2 - O consumidor deve ser informado, por escrito, pelo outro contraente do direito a que se refere o número anterior:
a) No momento da conclusão do contrato, nos casos referidos nos n.os 1 e 2 do artigo 1.º;
b) Até ao momento da conclusão do contrato, nos casos referidos nos n.os 3 e 4 do artigo 1.º;
c) Nos casos previstos no n.º 5 do artigo 1.º, quando a proposta de contrato é feita pelo consumidor.
3 - Os prazos previstos no n.º 1 podem ser alargados por acordo entre as partes.
4 - Têm-se por não escritas as cláusulas que estabeleçam a renúncia aos direitos previstos nos números anteriores, assim como as que estipulem uma indemnização ou penalização de qualquer tipo no caso de o consumidor exercer aqueles direitos.
Artigo 5.º
Forma de resolução do contrato, obrigações e direitos do consumidor
1 - Sem prejuízo de outras formas de notificação, entende-se exercido pelo consumidor o direito a que se refere o artigo anterior através da expedição, nos prazos aí previstos, de carta registada com aviso de recepção, comunicando ao outro contraente ou à pessoa para tal designada no contrato a vontade de o resolver.
2 - Em caso de resolução o consumidor deve conservar as mercadorias, de modo a poder restituí-las em devida forma, em prazo não superior a quinze dias úteis a contar da sua recepção, à entidade fornecedora ou à pessoa para tal designada no contrato.

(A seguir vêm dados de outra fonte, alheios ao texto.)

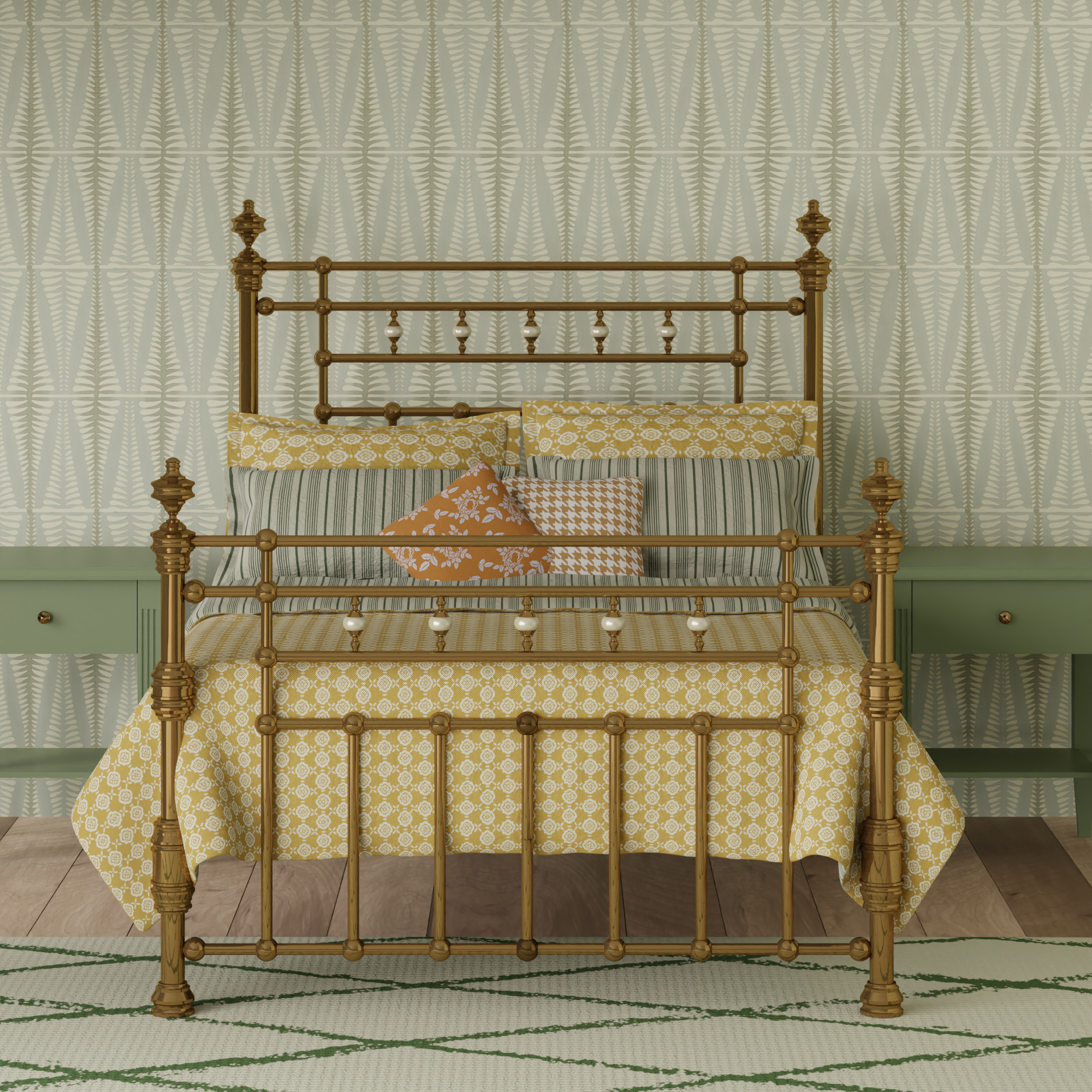 Boyne brass bed - Image Green Ochre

3 - O consumidor deve ser reembolsado das despesas decorrentes da devolução no prazo de 30 dias úteis a contar da data em que a tenha efectuado.
Artigo 6.º
Pagamento antecipado
1 - Antes da recepção da mercadoria ou da prestação do serviço não pode ser exigido ao consumidor qualquer pagamento.2 - Qualquer quantia entregue pelo consumidor antes de findos os prazos previstos no artigo 4.º será considerada como prova do contrato e ter-se-á como entregue por conta do preço se aquele se concluir.
Artigo 7.º
Conteúdo dos catálogos e outros suportes publicitários
1 - Quando as vendas ao domicílio sejam acompanhadas ou precedidas de catálogos, revistas ou qualquer outro meio gráfico ou áudio-visual, devem os mesmos conter os elementos referidos nas alíneas b) a g) do n.º 1 do artigo 3.º, salvo quanto à alínea d), em que é apenas obrigatória a indicação do preço total, forma e condições de pagamento.
2 - Não se aplica o disposto no número anterior às mensagens publicitárias genéricas que não envolvam uma proposta concreta para aquisição de um bem ou a prestação de um serviço.
CAPÍTULO II
Vendas por correspondência
Artigo 8.º
Noção e âmbito
1 - Para efeitos do presente diploma considera-se venda por correspondência a modalidade de distribuição comercial a retalho em que se oferece ao consumidor a possibilidade de encomendar pelo correio, telefone ou outro meio de comunicação os bens ou serviços divulgados através de catálogos, revistas, jornais, impressos ou quaisquer outros meios gráficos ou áudio-visuais.2 - O disposto no presente capítulo não se aplica à venda por correspondência de jornais, revistas e outras publicações periódicas, como tal consideradas na legislação respectiva, de natureza cultural, educativa, recreativa ou desportiva.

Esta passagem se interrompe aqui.